If $r$ is a variable $y$, then $r'=y$. If $y=x$, then $r[s/x]=s$ and $r'[s'/x]=s'$, so the conclusion is $s \Rightarrow s'$, which is assumed. If $y \ne x$, then $r[s/x]=y=r'[s'/x]$, and the variable rule gives $y \Rightarrow y$.
Suppose $r=\lambda y.a$ and $r'=\lambda y.a'$ with $a \Rightarrow a'$. By alpha-renaming, choose $y$ fresh for $x$, $s$, and $s'$. Then
\begin{align*}
(\lambda y.a)[s/x] = \lambda y.(a[s/x])
\end{align*}
and
\begin{align*}
(\lambda y.a')[s'/x] = \lambda y.(a'[s'/x]).
\end{align*}
The induction hypothesis gives $a[s/x] \Rightarrow a'[s'/x]$, and the abstraction rule gives
\begin{align*}
\lambda y.(a[s/x]) \Rightarrow \lambda y.(a'[s'/x]).
\end{align*}
Suppose $r=a\,b$ and $r'=a'\,b'$ is obtained from $a \Rightarrow a'$ and $b \Rightarrow b'$ by the application rule. The induction hypothesis gives
\begin{align*}
a[s/x] \Rightarrow a'[s'/x]
\end{align*}
and
\begin{align*}
b[s/x] \Rightarrow b'[s'/x].
\end{align*}
Applying the application rule gives
\begin{align*}
(a\,b)[s/x] \Rightarrow (a'\,b')[s'/x].
\end{align*}
Finally suppose $r=(\lambda y.a)\,b$ and $r'=a'[b'/y]$ is obtained by the parallel beta rule from $a \Rightarrow a'$ and $b \Rightarrow b'$. By alpha-renaming, choose $y$ fresh for $x$, $s$, and $s'$. The induction hypothesis gives
\begin{align*}
a[s/x] \Rightarrow a'[s'/x]
\end{align*}
and
\begin{align*}
b[s/x] \Rightarrow b'[s'/x].
\end{align*}
Using the parallel beta rule,
\begin{align*}
((\lambda y.a)\,b)[s/x] \Rightarrow a'[s'/x][b'[s'/x]/y].
\end{align*}
By the capture-avoiding substitution composition law, valid because $y$ was chosen fresh,
\begin{align*}
a'[s'/x][b'[s'/x]/y] = a'[b'/y][s'/x].
\end{align*}
Thus
\begin{align*}
r[s/x] \Rightarrow r'[s'/x].
\end{align*}
This completes the induction.
[/proof]
[/step]
[step:Show every parallel reduct reduces to the complete development]

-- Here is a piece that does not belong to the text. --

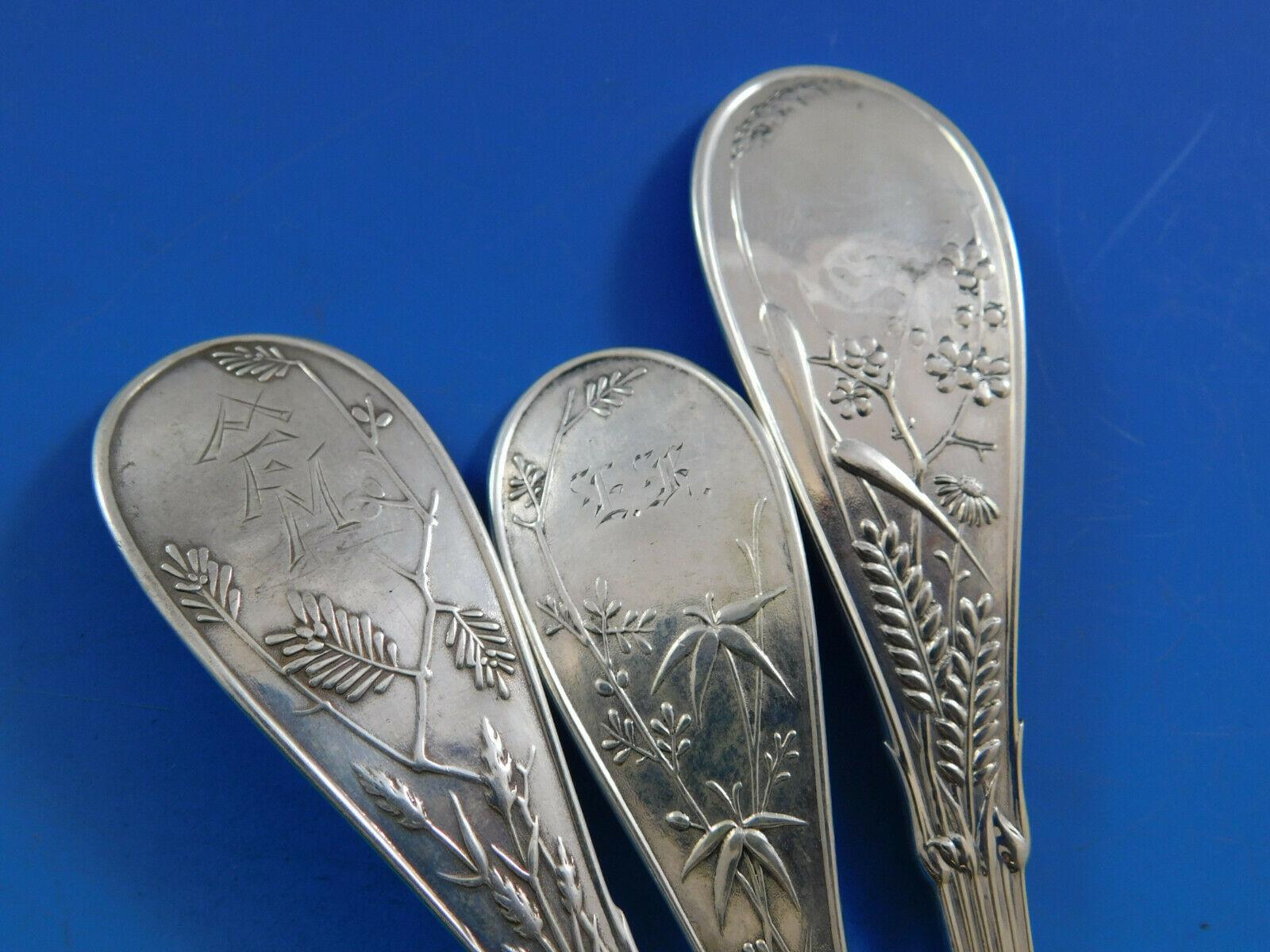 Japanese by Tiffany Co Sterling Silver Flatware Set Service 68 pcs Audubon Birds In Excellent Condition In Big Bend, WI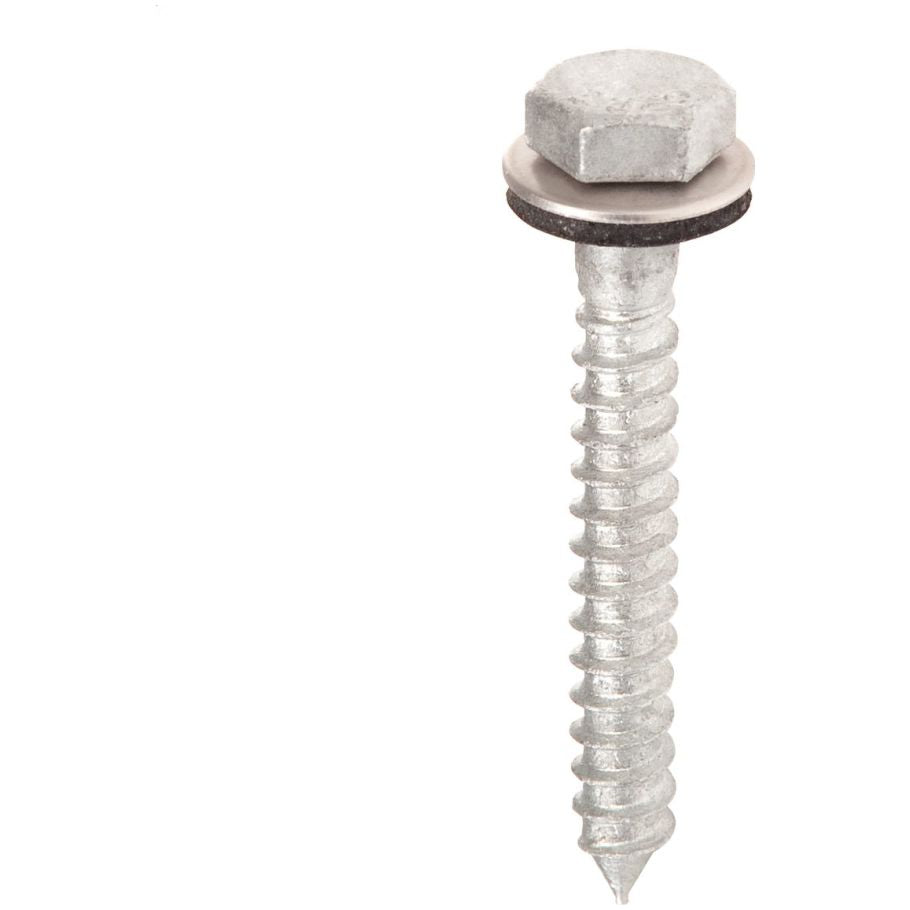 Screws, Hex Head, Steel, 1/4 to 10 in Screw, 2 in L, Gimlet Point, Regular Point, 1-5/8 in Thread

We prove that if $r \Rightarrow s$, then $s \Rightarrow r^\star$, by induction on the derivation of $r \Rightarrow s$.
For the variable rule, $r=s=x$ and $x^\star=x$, so $s \Rightarrow r^\star$ is $x \Rightarrow x$.
For abstraction, write $r=\lambda x.a$ and $s=\lambda x.a'$ with $a \Rightarrow a'$. By induction, $a' \Rightarrow a^\star$. Hence
\begin{align*}
\lambda x.a' \Rightarrow \lambda x.a^\star = (\lambda x.a)^\star.
\end{align*}
For application, write $r=a\,b$ and $s=a'\,b'$ with $a \Rightarrow a'$ and $b \Rightarrow b'$. By induction,
\begin{align*}
a' \Rightarrow a^\star
\end{align*}
and
\begin{align*}
b' \Rightarrow b^\star.
\end{align*}
If $a$ is not an abstraction, the application rule gives
\begin{align*}
a'\,b' \Rightarrow a^\star\,b^\star = (a\,b)^\star.
\end{align*}
If $a=\lambda x.c$, then the parallel beta rule gives
\begin{align*}
a'\,b' \Rightarrow c^\star[b^\star/x] = ((\lambda x.c)\,b)^\star,
\end{align*}
because $a' \Rightarrow \lambda x.c^\star$ follows from the abstraction case of the induction.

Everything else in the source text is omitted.